Slovakia: Rodak 7, Pekarik 7, Satka 6, Skriniar 8, Hubocan 6, Lobotka 5, Rusnak 5, Kucka 7, Hamsik 5, Mak 5, Duda 6. Subs: Duris 7, Hrodoksky 6, Mraz 6, Gregus 6, Gyomber 6.

Juraj Kucka of Slovakia celebrates after scoring his team's first goal during the UEFA EURO 2020 Play-Off Final between Northern Ireland and Slovakia at Windsor Park on November 12, 2020 in Belfast, Northern Ireland.

Image credit: Getty Images

KEY MOMENTS

17’ - GOAL! Northern Ireland 0-1 Slovakia (Kucka). The ball comes over from the left and Saville heads back to Evans, except Evans isn't there, having come closer to take a short one. This allows Kucka to screech onto the loose ball and though Evans gives chase, his only option is to foul and he daren't. So Kucka has a look, freezes the keeper, and passes inside the near post. That's a really calm finish, and NI are in huge trouble.

53’ - CHANCE! Saville robs Sobotka and the ball breaks for McGinn, who finds Washington! This is the chance! And he makes a good connection too, but slaps his finish straight at Rodak.

87’ - GOAL! Northern Ireland 1-1 Slovakia (Skriniar own goal). IT'S COME! McNair does really well down the right, playing a one-two off Davis and nashing into the box before crossing low towards the near post ... where Boyce puts the pressure on ... and Skriniar, who's been the best player on the pitch by far, sticks out a leg and deflects into the far corner form close range!

90’ - GOODNESS ME! Lafferty has made a huge difference, and he collects a pass from Whyte on the half-turn then swivels to shmice a low shot that's far too good for Rodak, cracking the base of the post! Can NI keep this up in extra time?

110’ - GOAL! Northern Ireland 1-2 Slovakia (Duris). Pekarik clears and the ball ends up with Kucka, who looks for Duris; the ball kicks off Evans and Duric takes it well, moving the ball around him, and driving low, hard ... and past Peackock Farrell at his near post! It's not always the keeper's fault when that happens but that one was ... probably the keeper's fault.

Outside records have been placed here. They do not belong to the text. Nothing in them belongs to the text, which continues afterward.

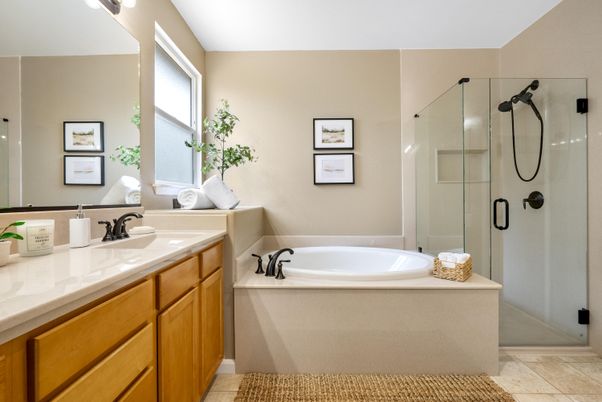 Bathroom, Dual Sink Vanities, Glass Shower, Interior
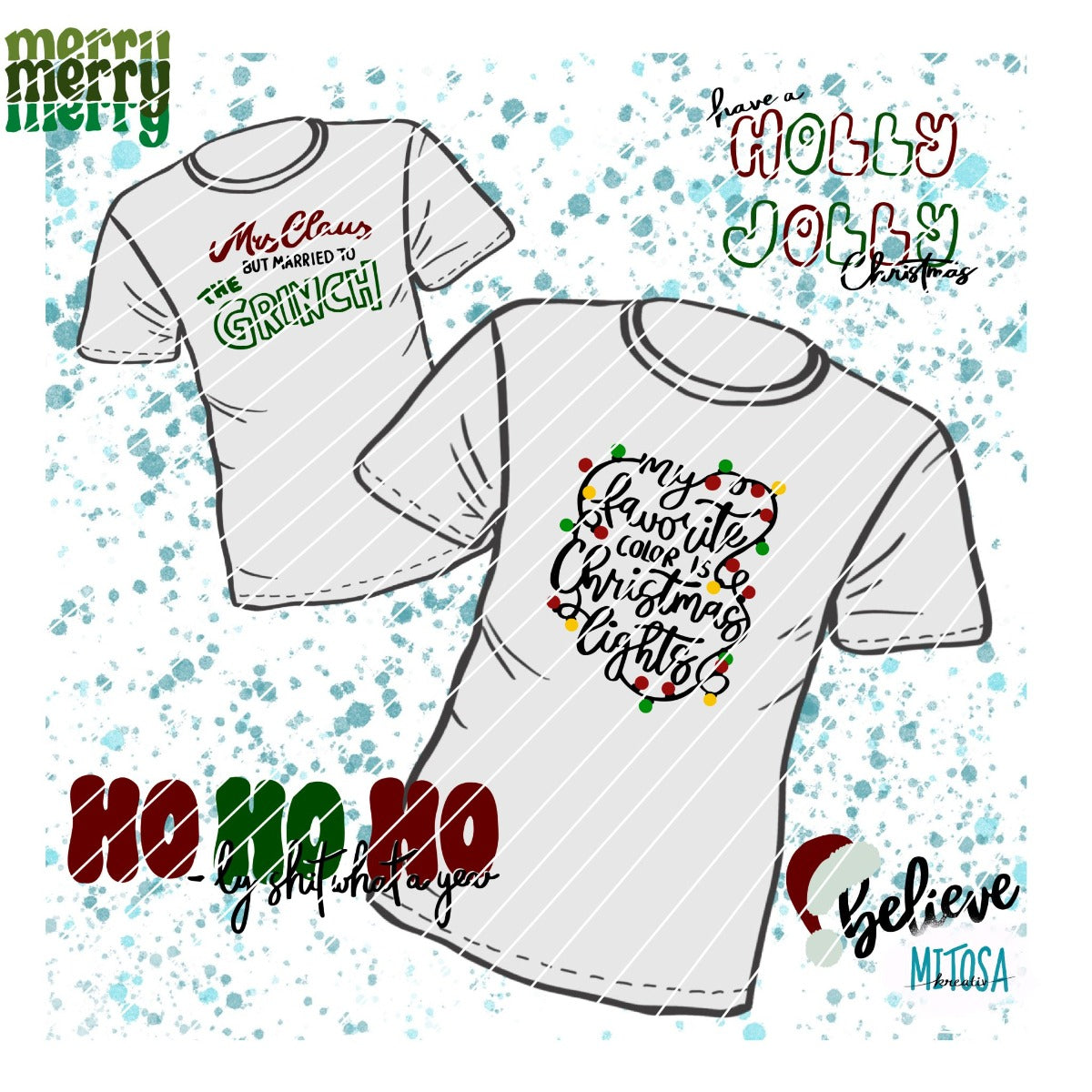 Plotterdatei Christmas Sweater – Titelbild mit 6 Weihnachts-Statements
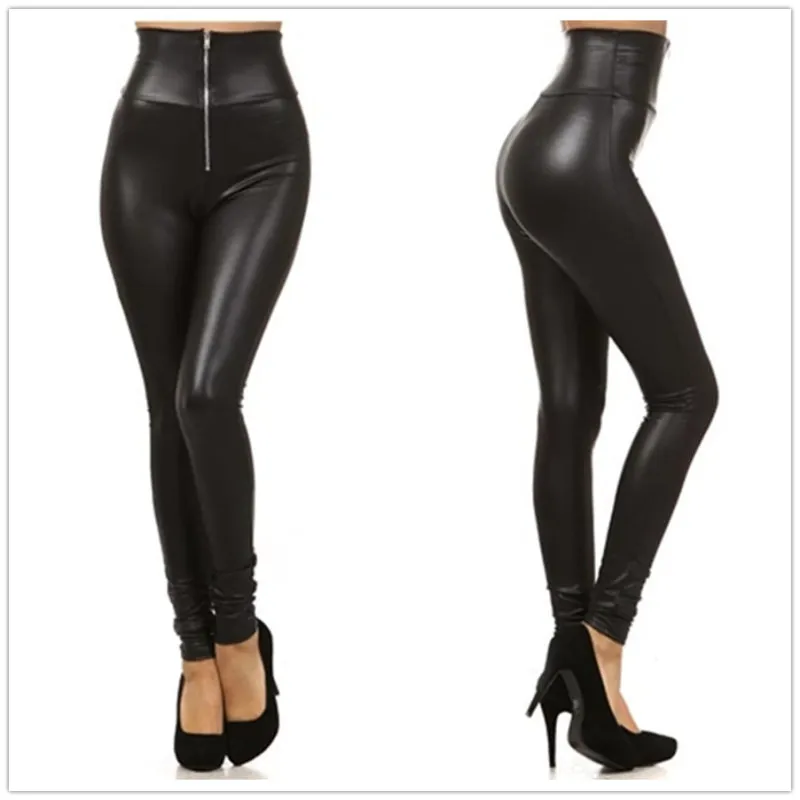 Women Solid Color High Waist Zipper PU Leather Slim Fit Casual Pants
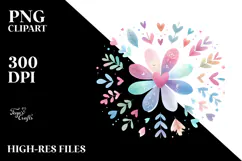 Simple Boho Flower with Heart Petals PNG Product Image 2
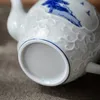 250 мл синий и белый фарфоровый ландшафтный чайник керамический кунг -фу чайный набор домашний производитель чая антиквариат.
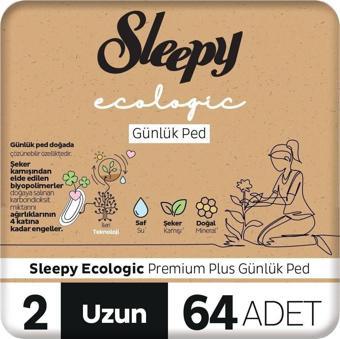 Sleepy Ecologic premium Plus Günlük Ped Uzun 64 Adet Ped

120’ - HUGE MISS! - But his kick is straight to a defender's head, but then Thompson retrieves and curls in a much better ball and it's onto Evan's head! WHAT A CHANCE! BUT HE PLOPS A FREE HEADER STRAIGHT AT THE KEEPER! He's had better quarter-hours.

KEY STAT

  • Since the 1986 World Cup, Northern Ireland have qualified for one major tournament.